On the first poll it baselines the source (existing items are recorded, never replayed), so a
new job never floods you with history; from then on only genuinely new items fire. Delivery is
at-most-once (a crash mid-fire loses that one item rather than risking a re-fire storm).
A hung or unreachable source can’t wedge the daemon. Each poll runs under a per-tick timeout: if
the source stops responding — a dead IMAP server, an unreachable API, a flaky network mount — the
poll is aborted at the timeout instead of blocking forever, so your other jobs keep running. Repeated
failures back off automatically and show up in the run history (a poller.error), and polling resumes
the moment the source is healthy again (poller.recovered). A failed poll fires nothing, and because a
source is baselined on its first successful poll, a transient outage never replays history when it
recovers.
folder-watch — a file lands in a directory
| Field | What it is |
|---|---|
path | the directory to watch |
pattern | optional glob/name filter (e.g. *.csv) |
pollSeconds | optional check interval (default 30, floor 5) |
inbox — new IMAP mail
Fires one run per new message. credential is an imap credential (username + password — e.g. a
Gmail app password), plus host and optional port (default 993) / mailbox (default INBOX)
/ pollSeconds (suggest ≥ 60). The message envelope + body arrive in $parent.
calendar-watch — a Google Calendar event is about to start
credential (a google_service_account), calendarId, and optional leadMinutes (default 15) /
pollSeconds (default 30 — but a longer interval is fine here; calendar events rarely change
minute-to-minute). Fires once per event when it’s within leadMinutes of starting — handy
for reminders or pre-meeting automations.
telegram-watch — a new Telegram bot message
credential (a Telegram bot token), optional chatId (restrict to one chat), command (fire only
when the message text starts with it, e.g. /run), and pollSeconds.
sheet-watch — a row is appended to a Google Sheet
credential (a google_service_account), spreadsheetId, and range (A1 notation of the watched
tab, e.g. Sheet1!A:Z), plus optional pollSeconds (default 30). Fires when a new row appears.
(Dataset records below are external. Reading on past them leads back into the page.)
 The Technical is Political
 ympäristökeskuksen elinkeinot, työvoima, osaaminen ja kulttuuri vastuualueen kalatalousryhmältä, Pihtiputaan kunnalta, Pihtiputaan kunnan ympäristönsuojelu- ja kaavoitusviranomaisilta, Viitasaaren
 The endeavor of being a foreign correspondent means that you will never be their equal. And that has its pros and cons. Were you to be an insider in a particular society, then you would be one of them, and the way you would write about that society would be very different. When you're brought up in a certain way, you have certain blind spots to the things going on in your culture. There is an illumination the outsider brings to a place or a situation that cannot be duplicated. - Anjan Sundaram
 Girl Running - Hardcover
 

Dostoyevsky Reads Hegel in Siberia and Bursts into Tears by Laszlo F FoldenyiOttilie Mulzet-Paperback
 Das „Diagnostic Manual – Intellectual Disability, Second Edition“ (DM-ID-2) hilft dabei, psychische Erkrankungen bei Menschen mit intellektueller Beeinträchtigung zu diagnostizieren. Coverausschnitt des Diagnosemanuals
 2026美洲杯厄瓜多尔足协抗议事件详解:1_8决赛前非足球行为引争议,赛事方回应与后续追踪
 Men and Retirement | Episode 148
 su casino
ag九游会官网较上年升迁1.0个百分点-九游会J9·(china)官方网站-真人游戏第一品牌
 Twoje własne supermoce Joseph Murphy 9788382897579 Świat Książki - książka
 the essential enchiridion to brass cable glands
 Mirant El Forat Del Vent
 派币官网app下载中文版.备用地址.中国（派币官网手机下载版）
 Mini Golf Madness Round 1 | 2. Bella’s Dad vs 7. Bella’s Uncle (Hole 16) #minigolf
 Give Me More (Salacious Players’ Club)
hostaway-watch — a new short-term-rental reservation is booked
credential (a basic credential — username = your Hostaway Account ID, password = your API
key), optional listingId (watch a single property; blank = all listings), and optional
pollSeconds (default 300 — reservations change slowly, so 5 minutes is plenty; floor 5). Detection
is by reservation id: the first poll records the current newest id and fires nothing, so pointing
a new job at an account with existing reservations never replays them. The whole reservation arrives
in $parent ({{ $parent.json.guestEmail }}, {{ $parent.json.arrivalDate }}, …) — chain a job
after it to text the guest a door code, add a cleaning task, or message them in Hostaway. See the
short-term-rental recipe.
The event data flows to the next job
A trigger job’s output is the event payload. Chain a job after it (an afterParent point with
on: succeeded) and read the data through $parent — see the
Expressions & data flow guide. Managed connections for the SaaS pollers
(inbox, calendar-watch, telegram-watch, sheet-watch) are stored as reusable credentials
under Settings → Secrets → Credentials — see Security.